1. Field of the Invention
The present invention relates to a managing mechanism for a packet forwarding method and a packet forwarding device, and more particularly, to a packet output management mechanism that reduces memory space.
2. Description of the Related Art
As is well known in the field of Ethernet networks, a switch for instance, is used for packet forwarding such that multiple network locations are connected together. The switch can assign dedicated bandwidth to individual ports and establish large and long working networks.
Ethernet packets can be classified into three types, namely the unicast, the multi-cast and the broadcast packets. On the basis of a memory-sharing mechanism (i.e., memory is shared by all output ports of a switch), a switch that receives a packet must determine in advance the destination output port through which the packet should be output, and then store relevant information of the packet into the output queue of the output port such that the output port can output the packets according to information stored.
The processing mechanisms of multi-cast and broadcast packets can be further classified into the following three processing categories.
The first processing mechanism copies the data of the packet into all the destination ports instead of copying the pointer of the packet only. This processing mechanism requires significant memory space and wastes bandwidth in the packet buffer.
The second processing mechanism creates a dedicated multi-cast packet queue such that all information related to the multi-cast packet can be stored into the queue. However, this may cause out-of-order hazards. For example, storage in the multi-cast and unicast queues may not reflect their respective priorities.
The third processing mechanism copies pointers of the multi-cast packets to every output queue. This mechanism is widely used in most of the switches and the detailed operations of the mechanism will be illustrated as follows.
Please refer to FIG. 1. FIG. 1 is a block diagram of a conventional switch 100. As shown in FIG. 1, each of the output ports 0 through 7 of the switch 100 has a corresponding output queue.
When the switch 100 receives a new packet, the switch 100 temporarily stores the packet into a packet buffer 110. In this case, we assume that the packet is stored in a block (e.g., the address of the block is #6 as shown in FIG. 1) of the packet buffer 110, and the packet needs to be outputted through output port 2. Next, the switch 100 determines that the packet needs to be outputted through output port 2 according to a certain look-up table (not shown). Next, the switch 100 reads pointer #6 that corresponds to the packet from a buffer queue 120 and stores the pointer #6 into the output queue of the output port 2.

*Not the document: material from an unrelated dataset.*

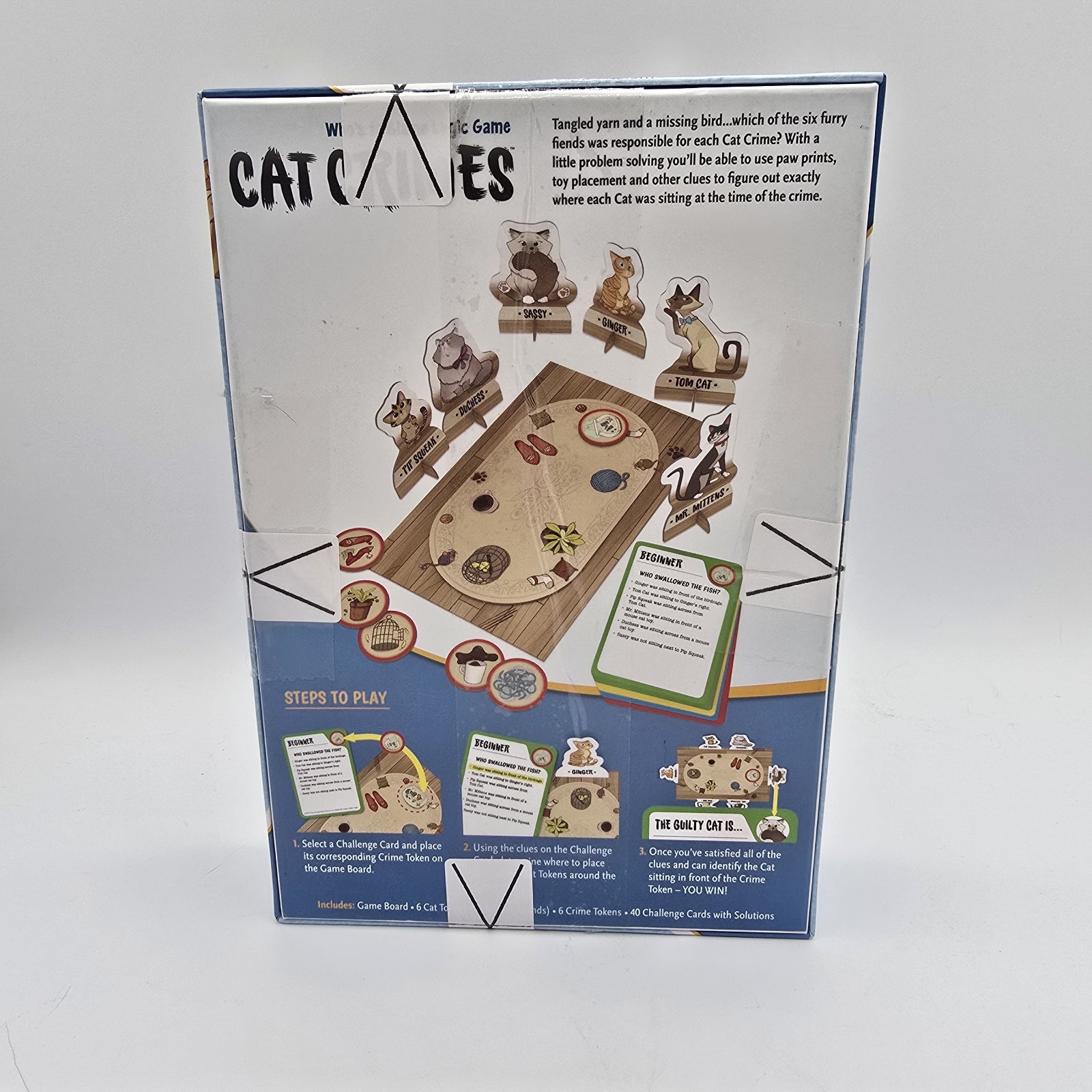 Cat Crimes Who’s to Blame Logic Game Thinkfun Problem Solving Challenges Mystery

In this way, when the output port 2 outputs a packet, the output port 2 outputs the packet in the output queue under First-In-First-Out (FIFO) rules. In the example shown in FIG. 1, the output port 2 outputs the packets corresponding to pointers #7, #2 and #6 sequentially.
The above-mentioned mechanism is straight forward and can be easily implemented, however, at the expense of several disadvantages. For example, if a multi-cast packet has to be stored into N output queues, the pointer of the multi-cast packet is copied N times before being stored into the output queues of the output ports which the multi-cast packet is to be outputted through. Therefore, the output queue of each output port must have sufficient storage space for storing the pointers of all the packets which the packet buffer may store. For example, in a most extreme case, all of the packets may be outputted through a same specific output port, so the output queue of the same specific output port must have sufficient storage space to store the pointers of all of the packets.
Assuming that the switch 100 comprises 8 output ports and the embedded packet buffer 110 is able to store 1024 packets, i.e. a 10-bit address is required to specify all the packets, the output queues of all the output ports in the switch 100 will have to occupy 10 bits*1024*8=10 Kbytes of storage space. In the case of multiple priorities (e.g. 8 different priorities), the output queues take up 10 Kbytes*8=80 Kbytes of storage space. Therefore, a massive amount of storage memory is required for the above-mentioned solutions.